The log file contains information about what settings you used (b-tagging weight cut, trigger cut, etc), as well as a list of the histograms the root file will contain. At the beginning of this list is the source name and reference number provided (if provided) as well as the event weight used. The file then lists information output as the events process, including error messages and a message about event count every 10,000 events or so. When the program finishes running, a table will be generated if cuts have been made, showing the number of events before and after cuts. Finally a summary of run time and total events are given. If the program has problems when running, error messages will be stored in this file. To kill a misbehaving run, type ctrl c. To look at the root file, just go into root and use the TBrowser (type new TBrowser). Here you can look at the histograms before the cuts, the histograms generated when a cut is made, and the histograms after cuts.

4. Cuts Versus Object Selections:

However, something to keep in mind is that the settings made in the objects file are applied in all of these histograms. In other words, if the objects file requires that jets have pt > 30, then a jet pt histogram before and after cuts are made will show only jets with a pt > 30. These object cuts define what we mean by a "jet" whereas the cuts in the cuts file are preselection cuts on these objects. Thus, when we cut to require at least two jets, we required at least two jets with pt > 30 and |eta| < 5.0. For leptons, historically we have used tight and veto objects. The current cut selection only requries one tight lepton, so only tight lepton objects have the cuts applied to them. This means that when we require exactly one tight electron, there could be an event with two electrons, as long as one electron is soft enough to not qualify as "tight".

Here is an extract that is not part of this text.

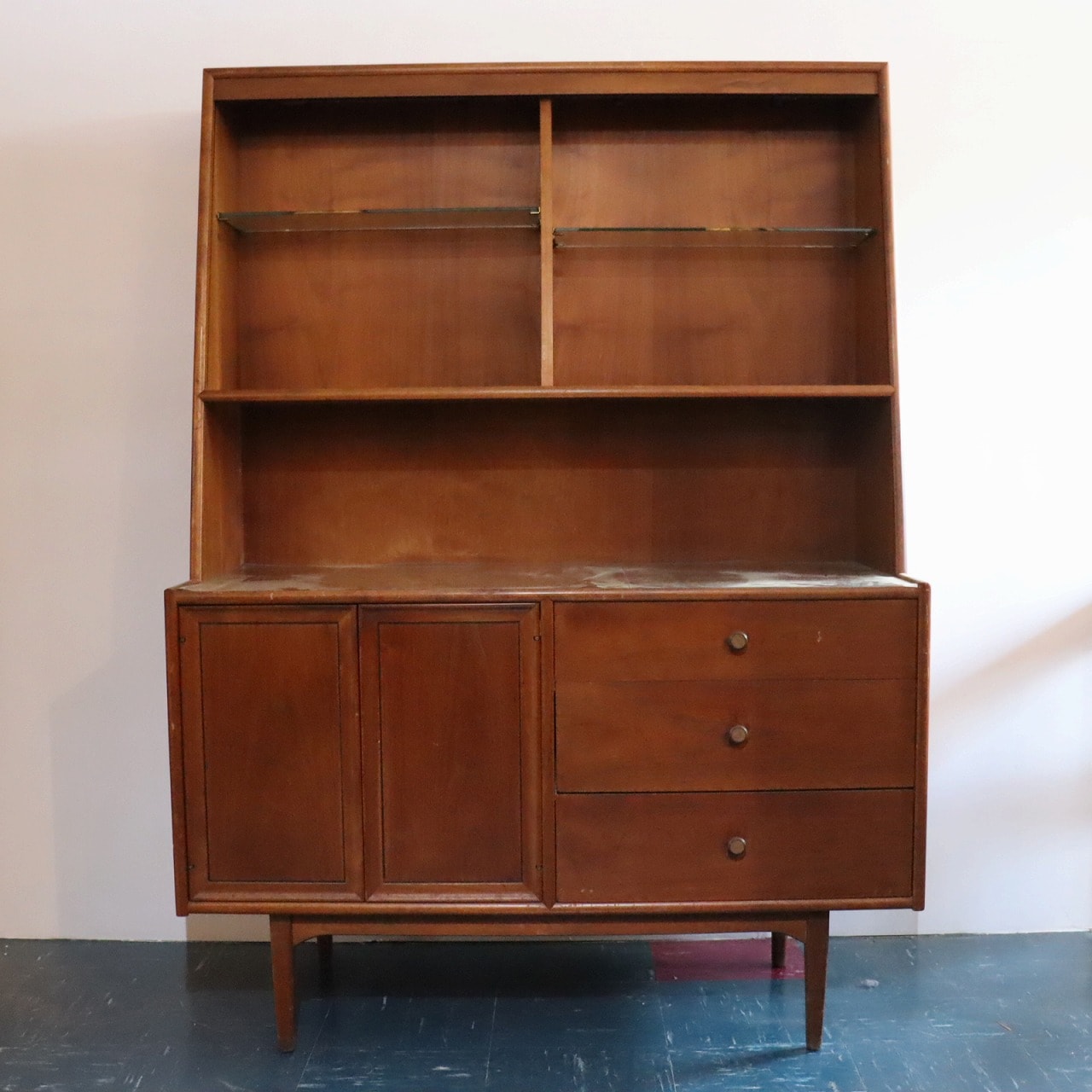 ドレクセル社製カップボード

5. A Few More Object Selection Comments:

  • The object selections are currently limited to Pt selections for the muons, electrons, and jets. All other object selections and overlap removals for the single-top group are incoporated into a UseOverlap flag if you are doing a Generic run. If you are looking at some of the single-top designed multivariate variables, you don't need to make any object selections because the single-top group has already provided a flag to remove events based on its object selections and calculated the variables you need based on its object selections (See the CutDecisionTree in the Less Generic Running Method in the Run the Package section)
  • Historically we have applied things like overlap removal, isolation, etc. ourselves with this package and the coding structure is still there if you wish to test this sort of thing out.
  • The b-tagging algorithm and cut are specified in the object file. In the example, SV0, an early data b-tagger is used. Some files may not have this b-tagger, and the cut level will change for different MC, so be sure to check with the group for b-tagging algorithm and cut recommendations before doing an analysis. Also, b-tagging scale factors are now starting to become available and will be included in a later update of the code, when this information is incoporated into the single-top twiki. A flag for Jet energy scale adjustments may also be set here.

6. Closer look at the different elements

1. Classes and their header files

A class is a c++ program and an essential part of the concept of object oriented programming. It can inherit functions from parent classes. It consists of two parts: The source file (.cpp) in which you tell the computer what you want to do and the header file (.hpp) .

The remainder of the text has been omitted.